We may not give it much thought when our fingers sweep rapidly over the keys looking for that article we heard about or directions to the restaurant, but searching through massive amounts of data is no small feat. Nor is the ability to produce an accurate search result, one that gets closely to the core of what we are searching.
Even as good as search can be, Miles Efron wants to make search better. Efron, an assistant professor at the Graduate School of Library and Information Science at the University of Illinois, Urbana-Champaign, is working on new algorithms that build upon the current strengths of search but add a new dimension—time.
“We are at a point where soon we won’t have the luxury of ignoring the temporal aspect of data,” said Efron. “In order for search to be successful, time has to make its way into search engines.” Efron’s three-year project is supported by a $408,908 grant from the National Science Foundation.
Temporal information about data is often available but, to date, there has not been a concerted effort to build technology that incorporates time factors into search.
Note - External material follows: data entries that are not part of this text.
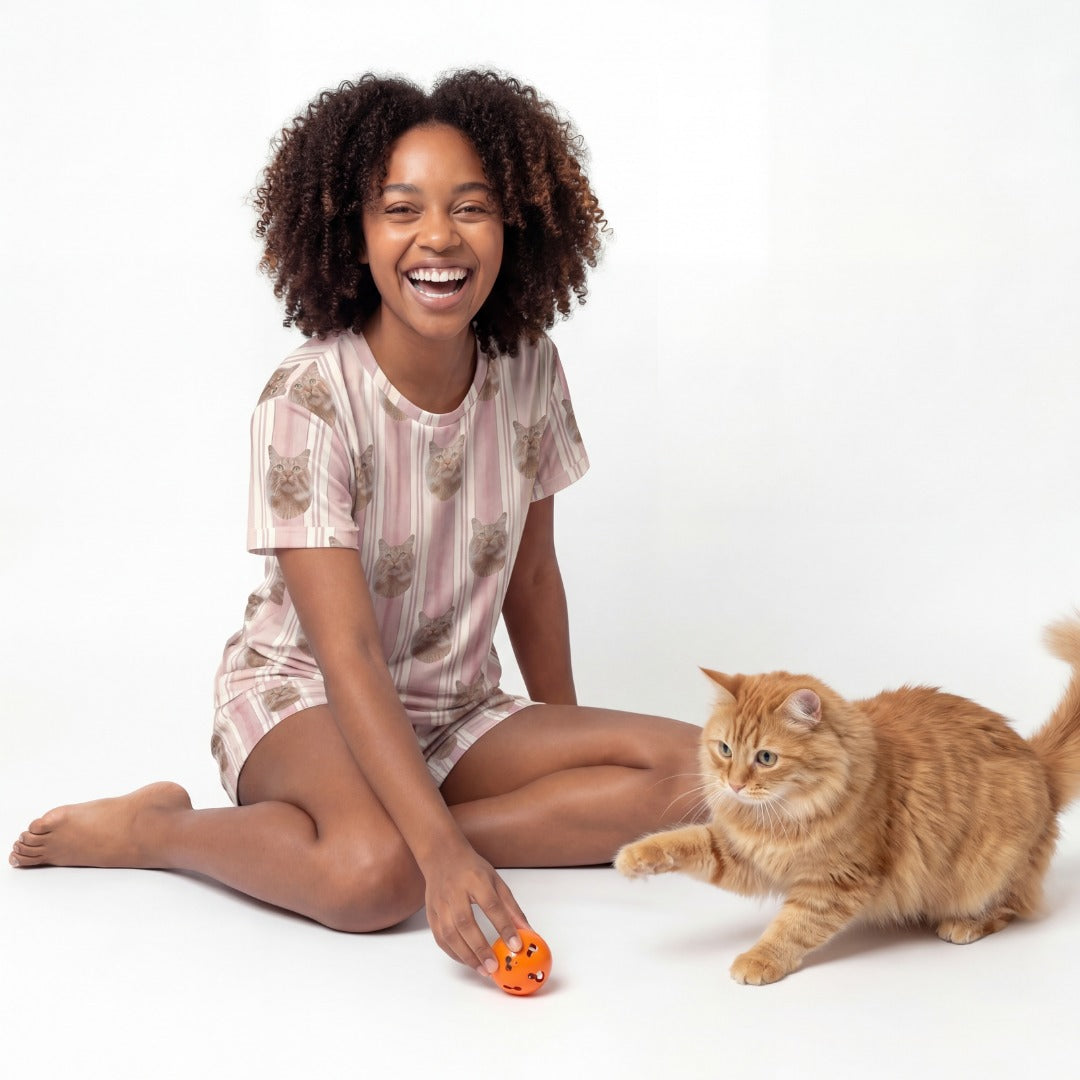Relaxed T-Shirt Pajama Set | Pet Face Pajamas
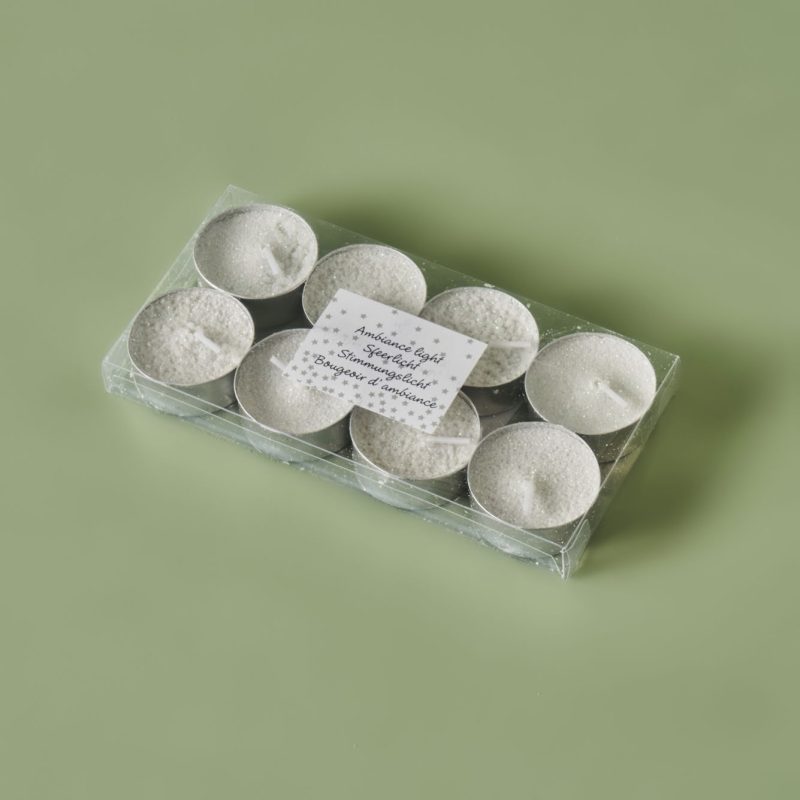 Flor Tealight Candle White 8 Pack - Image 3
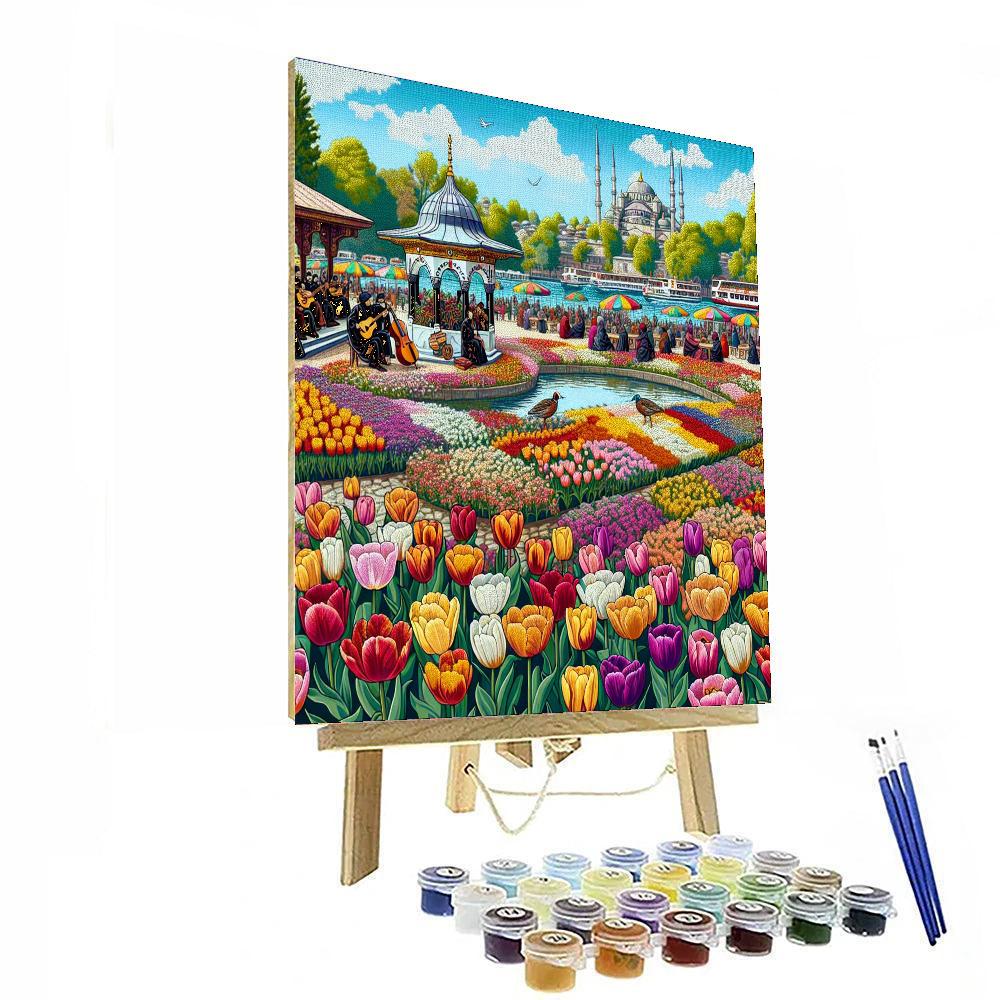 Tulip Festival - Turkey Paint By Numbers Kits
Most people use time, however, to decide whether or not a search result is relevant to their query. Sometimes it is most important that a result be the most current information on the topic, for example, while other times users are interested in results that are bounded by a particular time frame. Efron suggests that if we track the traces of information that are created as documents, collections, and language change over time, we will be better able to predict relevance, thus vastly improving search.
“In domains like search over social media, time gives us an extra piece of information when we try to predict which documents are relevant to a particular person. For instance, one of the most common problems in search is term weighting—identifying which words in documents and queries are the most indicative of their overall subject matter. An early result from this line of research showed that analyzing how a word's usage changes over time gives us a new way to model its more directly semantic properties,” said Efron.
In conjunction with his research, Efron is developing open-source software that can be used to improve information retrieval courses, especially those taught in iSchools. The software will include a series of labs that will illustrate how search engines work and will be informed in large part by the structure of Efron’s current courses in information retrieval at GSLIS.
The grant runs through September, 2015.